Boas 1892: Many discoveries in a short article (Part 19: ‘to sew’)
We’re in a mini-series that examines Prof. Franz Boas’s precious findings of lower Columbia River Chinook Jargon.
This is the variety of the Southern Dialect that I analyze as “re-creolized” Chinuk Wawa.

Bone needles (image credit: WorthPoint)
That’s to distinguish it from the “early-creolized” CW of the early Fort Astoria-Fort Vancouver era.
(Click here for the previous installments in this series.)
Today, let’s look at Boas’s report of a “new” word for ‘sew’ —

He writes this Jargon word as kyē′pot.
That’s k’ípʰwat, ‘to sew; needle, pin, awl’ in the 2012 Grand Ronde Tribes dictionary of Chinuk Wawa.
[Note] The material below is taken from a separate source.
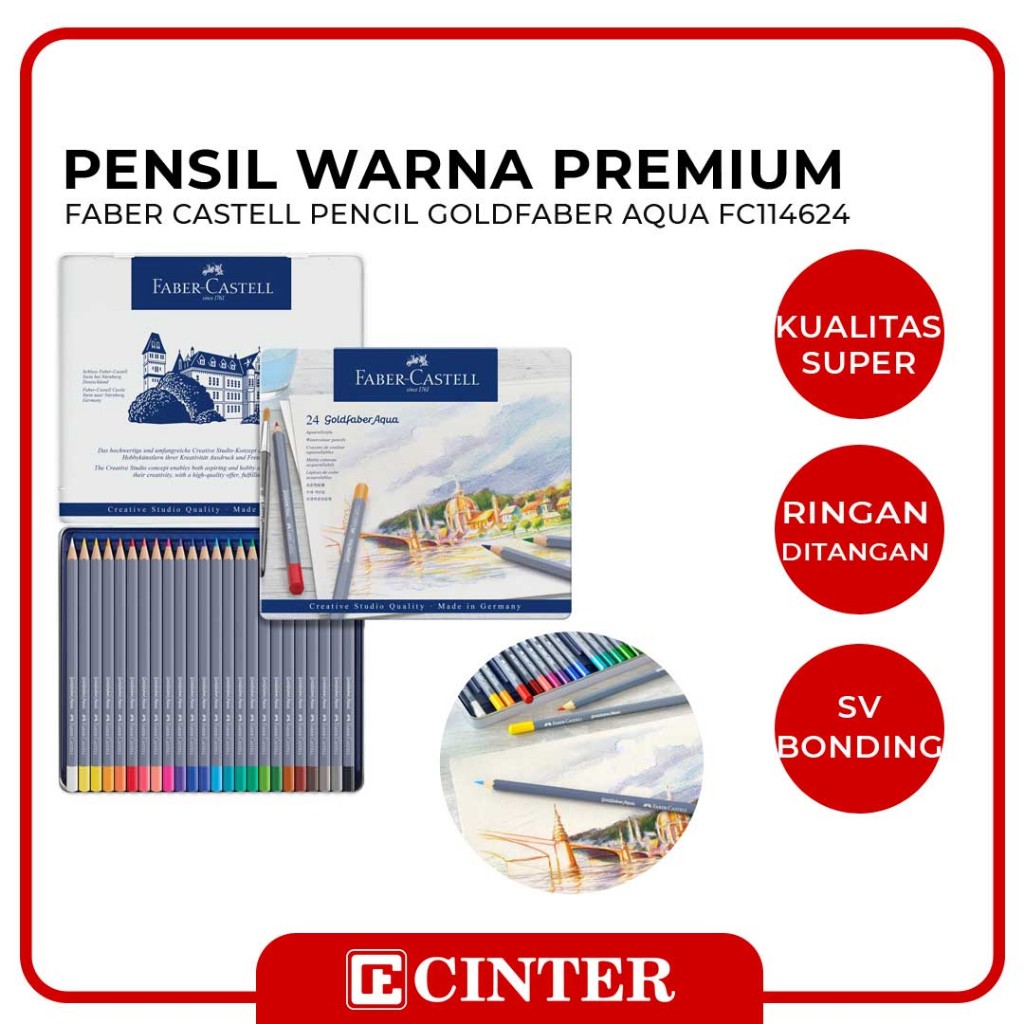 

FABER CASTELL - PERLENGKAPAN MENGGAMBAR / PENSIL COLOUR GOLDFABER AQUA CREATIVE STUDIO TIN OF 24 (FC114624)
This word is of Chinookan origin. The root (k’ípwa) shows up in at least Clackamas and Kathlamet, to our knowledge.
The -t at its end appears, by my research, to likely be from SW Washington Salish — specifically a Lower Chehalis form of the often-seen Instrument lexical suffix.
Lower Chehalis is a source of quite a large portion of “re-creolized” Chinuk Wawa material. This was largely overlooked until I was fortunate enough to be hired to document & analyze Lower Chehalis.